Leonie was not allowed to make a quiet escape.
She heard the Marquess of Lisburne coming behind her. She knew who it was without looking. This was probably because he’d made her so keenly attuned to him, thanks to the extremely improper way he’d set her on her feet a moment ago. She was still vibrating.
Or perhaps he sent some sort of pulsation across the room, in the way certain gods had been believed to herald their arrival with strange lights or magical sounds or divine scent.
“You seem to be in pain,” he said. “May I assist you?”
“I was hoping to slink off quietly,” she said.
“No difficulty there. Everybody else is hovering about my cousin. He’s spouting about Virtue and Vice, and they all believe he’s saying something.” While he spoke, he took possession of her left arm and arranged it around his neck. He brought his arm round her waist.
She caught her breath.
“It must hurt like the devil,” he said. “On second thought, I’d better check your ankle before we proceed. It might be more damaged than we think.”
If he touched her ankle she would faint, and not necessarily for medical reasons.
“I only turned it,” she said. “If I’d done worse, I’d be sitting on the step, sobbing with as much mortification as pain.”

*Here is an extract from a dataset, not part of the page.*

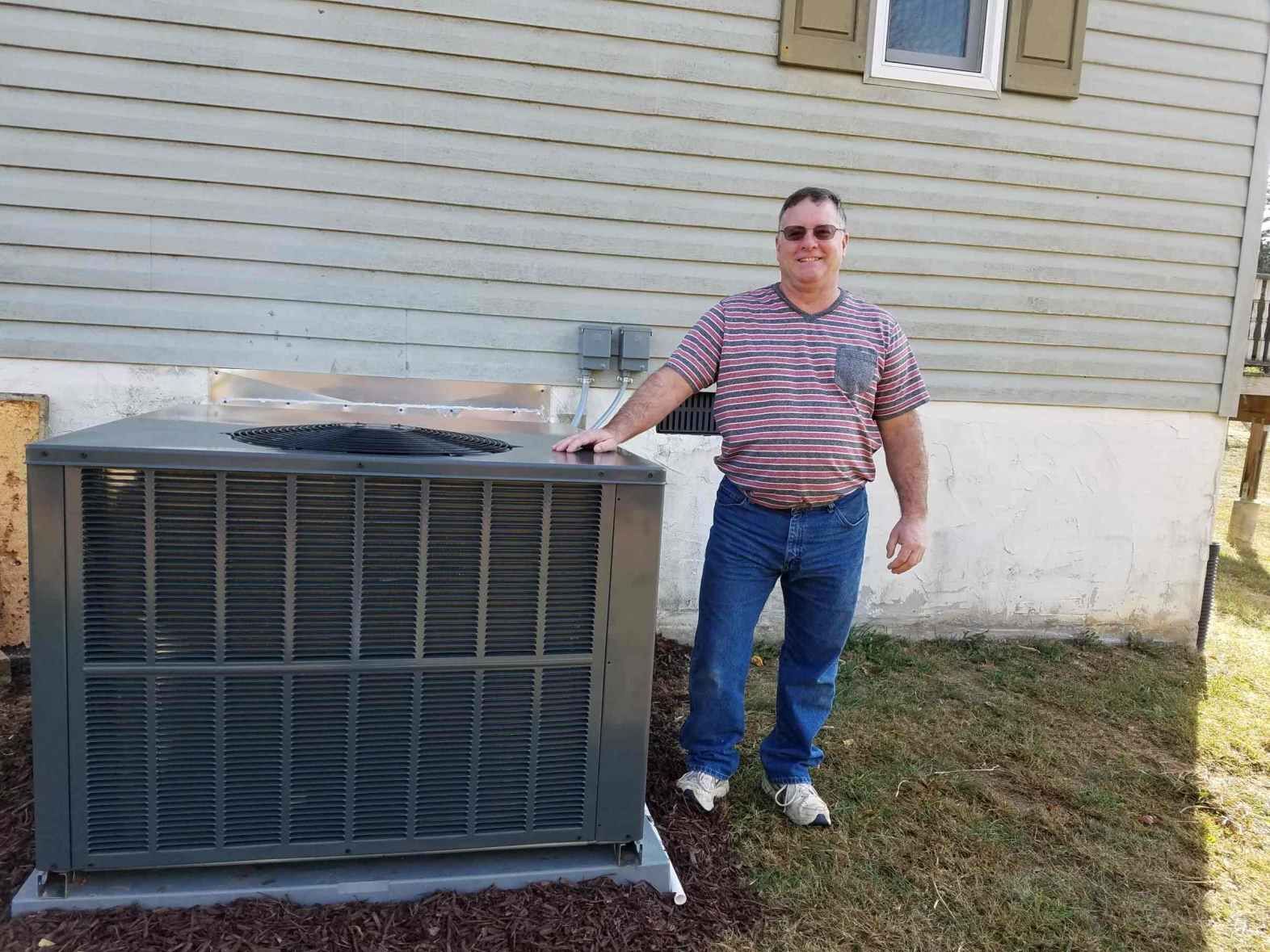 A man is standing next to a large air conditioner outside of a house.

“I can carry you,” he said.
“No,” she said, and added belatedly, “thank you.”
They proceeded down the stairs slowly. She did sums in her head to distract her from the warmth of the big body supporting hers. It wasn’t easy. She had stared too long at the Botticelli, and her mind was making pictures of the muscular arms and torso with no elegant covering whatsoever.
By the time they reached the first landing, her usually well-ordered brain was wandering into strange byways and taking excessive notice of physical sensations.
She made herself speak. “I can only hope that people assume I was dazzled by my brief encounter with Lord Swanton,” she said.
“That’s what I’ll tell them, if you like,” he said. “But I received the impression you knew each other.”
“Paris,” she said. “Ages ago.”
“It can’t be a very long age,” he said. “You’re somewhat damaged but not quite decrepit.”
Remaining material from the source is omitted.